A major limitation of visual communication is that people can attend to only a very limited number of features and events at any one time. For example, we can see with full resolution only in the fovea, a tiny part of the retina. To fully take in a visual scene, we must move our eyes around to bring objects into focus one at a time. Although people are rarely aware of these two to three eye movements per second, where they look ultimately determines what they perceive. We are therefore developing gaze-guidance systems to help users deploy their limited attentional resources more effectively and to augment natural sight with computer-vision technology in an unobtrusive way (see Figure 1). Such guidance might be useful in safety-critical applications, such as driving, and would ultimately allow novices to ‘see with the eyes of experts.’
The information conveyed by images is determined by the image in conjunction with the observer's gaze pattern, which may vary considerably from person to person and with context. Therefore, gaze is as important as brightness or colour for defining the message that reaches the observer. However, existing information and communication-technology systems do not take this into account. Therefore, we propose that the observer's gaze pattern should be sensed and displayed just like physical image attributes. While gaze sensors, or eye trackers, have long been commercially available, our goal is to guide the observer's gaze through the image.
Implementing such a system requires further insights into the function of human vision, and several technical challenges must be met.

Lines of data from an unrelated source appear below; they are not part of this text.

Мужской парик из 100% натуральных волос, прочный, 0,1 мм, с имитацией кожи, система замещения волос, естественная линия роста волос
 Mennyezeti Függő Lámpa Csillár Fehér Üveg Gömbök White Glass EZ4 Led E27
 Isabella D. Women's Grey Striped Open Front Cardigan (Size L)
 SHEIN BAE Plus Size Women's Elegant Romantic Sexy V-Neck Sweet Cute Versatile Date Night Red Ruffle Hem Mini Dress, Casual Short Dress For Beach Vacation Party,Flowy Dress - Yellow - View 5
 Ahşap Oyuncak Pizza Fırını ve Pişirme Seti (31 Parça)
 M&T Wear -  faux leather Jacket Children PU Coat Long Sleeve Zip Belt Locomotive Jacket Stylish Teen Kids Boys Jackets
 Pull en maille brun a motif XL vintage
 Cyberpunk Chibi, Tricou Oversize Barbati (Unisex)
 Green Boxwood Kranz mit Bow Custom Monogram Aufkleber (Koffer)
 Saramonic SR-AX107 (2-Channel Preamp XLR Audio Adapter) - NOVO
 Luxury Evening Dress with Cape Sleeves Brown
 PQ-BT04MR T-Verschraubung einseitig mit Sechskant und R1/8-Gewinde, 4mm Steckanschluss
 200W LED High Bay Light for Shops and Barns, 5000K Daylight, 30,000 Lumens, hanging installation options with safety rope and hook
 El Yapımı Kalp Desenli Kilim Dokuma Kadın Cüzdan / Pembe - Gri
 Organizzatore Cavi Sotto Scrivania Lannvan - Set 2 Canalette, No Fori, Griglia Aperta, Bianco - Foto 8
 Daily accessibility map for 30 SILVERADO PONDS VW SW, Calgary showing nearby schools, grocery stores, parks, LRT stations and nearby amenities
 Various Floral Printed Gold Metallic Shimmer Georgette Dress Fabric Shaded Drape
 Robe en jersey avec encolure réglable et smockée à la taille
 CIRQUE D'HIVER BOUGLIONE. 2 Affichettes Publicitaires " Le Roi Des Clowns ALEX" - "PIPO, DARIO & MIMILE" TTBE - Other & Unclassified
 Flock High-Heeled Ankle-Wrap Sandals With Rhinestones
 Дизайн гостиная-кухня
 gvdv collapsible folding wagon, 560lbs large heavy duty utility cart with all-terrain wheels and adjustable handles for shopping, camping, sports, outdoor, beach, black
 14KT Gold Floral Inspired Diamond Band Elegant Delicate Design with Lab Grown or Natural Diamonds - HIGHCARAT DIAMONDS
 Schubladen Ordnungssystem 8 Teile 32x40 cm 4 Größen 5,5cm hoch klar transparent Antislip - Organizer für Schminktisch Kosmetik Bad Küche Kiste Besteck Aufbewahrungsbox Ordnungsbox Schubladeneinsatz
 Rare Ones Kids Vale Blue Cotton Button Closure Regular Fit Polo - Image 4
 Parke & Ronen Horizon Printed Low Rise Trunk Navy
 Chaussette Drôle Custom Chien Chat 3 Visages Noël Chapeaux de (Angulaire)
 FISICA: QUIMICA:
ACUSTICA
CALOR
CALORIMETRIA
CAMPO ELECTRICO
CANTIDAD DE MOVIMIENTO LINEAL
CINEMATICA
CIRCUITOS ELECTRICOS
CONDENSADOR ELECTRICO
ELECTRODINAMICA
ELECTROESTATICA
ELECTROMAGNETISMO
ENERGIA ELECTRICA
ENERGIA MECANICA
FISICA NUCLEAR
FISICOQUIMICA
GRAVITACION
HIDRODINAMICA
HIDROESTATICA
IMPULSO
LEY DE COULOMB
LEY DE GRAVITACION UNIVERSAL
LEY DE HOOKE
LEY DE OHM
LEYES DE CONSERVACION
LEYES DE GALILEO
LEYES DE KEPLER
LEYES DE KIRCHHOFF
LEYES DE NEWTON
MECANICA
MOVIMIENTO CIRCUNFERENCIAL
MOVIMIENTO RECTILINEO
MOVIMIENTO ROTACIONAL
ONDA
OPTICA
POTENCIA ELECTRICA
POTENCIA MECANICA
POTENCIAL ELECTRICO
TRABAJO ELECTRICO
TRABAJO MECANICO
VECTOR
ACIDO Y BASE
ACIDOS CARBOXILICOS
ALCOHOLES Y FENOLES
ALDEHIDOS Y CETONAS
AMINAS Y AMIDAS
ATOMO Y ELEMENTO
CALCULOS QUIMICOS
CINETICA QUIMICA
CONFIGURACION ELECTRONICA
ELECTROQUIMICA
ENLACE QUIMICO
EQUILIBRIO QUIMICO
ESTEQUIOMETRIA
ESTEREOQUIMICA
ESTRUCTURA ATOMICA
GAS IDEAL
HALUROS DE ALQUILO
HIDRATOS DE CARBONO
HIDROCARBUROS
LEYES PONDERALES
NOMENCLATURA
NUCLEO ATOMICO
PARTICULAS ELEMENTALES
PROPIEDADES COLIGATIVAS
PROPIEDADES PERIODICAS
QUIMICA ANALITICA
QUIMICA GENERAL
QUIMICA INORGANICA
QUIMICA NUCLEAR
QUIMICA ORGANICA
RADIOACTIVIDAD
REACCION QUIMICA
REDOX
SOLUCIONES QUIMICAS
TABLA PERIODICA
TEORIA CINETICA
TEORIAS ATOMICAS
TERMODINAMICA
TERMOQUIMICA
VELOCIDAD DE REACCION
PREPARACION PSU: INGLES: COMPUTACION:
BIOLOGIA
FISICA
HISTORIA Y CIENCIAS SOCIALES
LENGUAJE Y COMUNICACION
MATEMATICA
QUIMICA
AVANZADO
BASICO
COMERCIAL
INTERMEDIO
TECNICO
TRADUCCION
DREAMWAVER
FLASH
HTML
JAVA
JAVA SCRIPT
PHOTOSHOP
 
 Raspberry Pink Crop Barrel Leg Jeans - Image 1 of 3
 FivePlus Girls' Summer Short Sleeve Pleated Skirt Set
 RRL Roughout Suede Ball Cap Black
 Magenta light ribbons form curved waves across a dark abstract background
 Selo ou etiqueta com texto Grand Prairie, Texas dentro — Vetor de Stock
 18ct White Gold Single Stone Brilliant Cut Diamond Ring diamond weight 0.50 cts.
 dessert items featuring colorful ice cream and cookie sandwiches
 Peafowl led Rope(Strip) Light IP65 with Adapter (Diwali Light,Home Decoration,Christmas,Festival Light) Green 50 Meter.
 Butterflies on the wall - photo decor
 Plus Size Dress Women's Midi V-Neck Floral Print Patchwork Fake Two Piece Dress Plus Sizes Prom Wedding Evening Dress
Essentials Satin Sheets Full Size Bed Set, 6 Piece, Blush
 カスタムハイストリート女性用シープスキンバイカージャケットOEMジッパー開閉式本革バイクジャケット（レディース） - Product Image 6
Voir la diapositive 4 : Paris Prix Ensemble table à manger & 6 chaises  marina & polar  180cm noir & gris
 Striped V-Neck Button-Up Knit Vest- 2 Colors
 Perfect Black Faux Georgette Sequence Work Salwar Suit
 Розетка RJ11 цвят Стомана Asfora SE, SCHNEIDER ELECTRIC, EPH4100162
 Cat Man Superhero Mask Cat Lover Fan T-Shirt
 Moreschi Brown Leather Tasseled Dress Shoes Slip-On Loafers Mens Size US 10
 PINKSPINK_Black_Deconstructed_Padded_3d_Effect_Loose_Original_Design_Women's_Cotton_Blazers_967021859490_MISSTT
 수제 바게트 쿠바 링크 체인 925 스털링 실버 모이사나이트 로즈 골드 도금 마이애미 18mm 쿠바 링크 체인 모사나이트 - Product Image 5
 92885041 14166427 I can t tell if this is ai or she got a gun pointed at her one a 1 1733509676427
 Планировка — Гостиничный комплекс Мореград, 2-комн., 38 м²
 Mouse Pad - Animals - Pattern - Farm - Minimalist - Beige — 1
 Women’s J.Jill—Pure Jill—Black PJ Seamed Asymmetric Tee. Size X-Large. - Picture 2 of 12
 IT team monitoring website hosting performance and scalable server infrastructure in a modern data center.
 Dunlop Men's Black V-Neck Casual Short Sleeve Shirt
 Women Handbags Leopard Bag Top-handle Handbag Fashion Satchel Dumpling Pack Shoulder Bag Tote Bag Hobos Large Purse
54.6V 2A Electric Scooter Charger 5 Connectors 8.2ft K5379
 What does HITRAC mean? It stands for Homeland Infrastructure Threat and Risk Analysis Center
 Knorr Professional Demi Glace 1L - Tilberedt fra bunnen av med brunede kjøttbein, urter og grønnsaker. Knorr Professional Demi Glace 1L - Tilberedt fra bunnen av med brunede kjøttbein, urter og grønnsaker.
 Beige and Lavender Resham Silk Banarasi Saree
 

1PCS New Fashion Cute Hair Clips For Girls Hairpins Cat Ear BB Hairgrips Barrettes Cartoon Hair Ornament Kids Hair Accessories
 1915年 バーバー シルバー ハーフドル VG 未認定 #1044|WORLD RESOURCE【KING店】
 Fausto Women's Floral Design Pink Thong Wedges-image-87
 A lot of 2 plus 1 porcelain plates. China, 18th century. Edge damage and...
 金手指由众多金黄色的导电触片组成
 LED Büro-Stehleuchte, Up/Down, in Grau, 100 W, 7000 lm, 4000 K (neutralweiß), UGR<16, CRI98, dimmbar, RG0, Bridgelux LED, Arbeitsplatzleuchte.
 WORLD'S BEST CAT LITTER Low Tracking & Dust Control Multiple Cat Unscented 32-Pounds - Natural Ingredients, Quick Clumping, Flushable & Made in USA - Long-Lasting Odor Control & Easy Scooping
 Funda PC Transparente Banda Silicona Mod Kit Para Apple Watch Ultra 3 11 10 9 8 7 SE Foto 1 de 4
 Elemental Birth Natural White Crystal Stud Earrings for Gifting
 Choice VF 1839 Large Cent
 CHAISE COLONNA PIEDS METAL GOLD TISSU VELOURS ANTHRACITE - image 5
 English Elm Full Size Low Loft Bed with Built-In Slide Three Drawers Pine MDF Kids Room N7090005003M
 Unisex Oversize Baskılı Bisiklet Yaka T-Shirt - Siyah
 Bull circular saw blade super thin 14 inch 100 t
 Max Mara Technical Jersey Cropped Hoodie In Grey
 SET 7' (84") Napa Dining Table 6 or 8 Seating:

Our research is funded by the European Commission's Future Emerging Technologies programme, which focuses on high-risk basic research with high-potential future applications. The consortium consists of human- and computer-vision partners from universities in Lübeck and Giessen (Germany), Groningen (Netherlands), Leuven (Belgium) and Bucharest (Romania), as well as a German company providing eye-tracking technology.
Gaze-contingent interactive displays statically present information and guide the user's gaze to help them deploy their limited attentional resources more effectively.
We show subjects high-resolution natural (non-computer-generated) videos while a camera tracks their eye movements. Based on eye position and video input, we first predict a set of candidate points where the subject may look next. We then perform real-time image transformations to increase the likelihood for the desired candidate location (e.g., by increasing contrast or introducing motion) and decrease the likelihood for all others (e.g., by reducing contrast or blurring). To evaluate the effect gaze guidance has on both eye movements and actual behaviour, we carried out similar experiments in a virtual-reality driving simulator. (Videos are available online.)1
To investigate which image transformations can make a movie patch more or less attractive to an observer, we first collected a large set of eye-movement data on natural videos. We employed machine-learning techniques to distill the structural differences between patches observers looked at and those they missed. Learning these differences on a very simple, low-dimensional representation of the videos (the average local feature energy) significantly outperformed previously published approaches in predicting whether an observer will attend to a given new patch.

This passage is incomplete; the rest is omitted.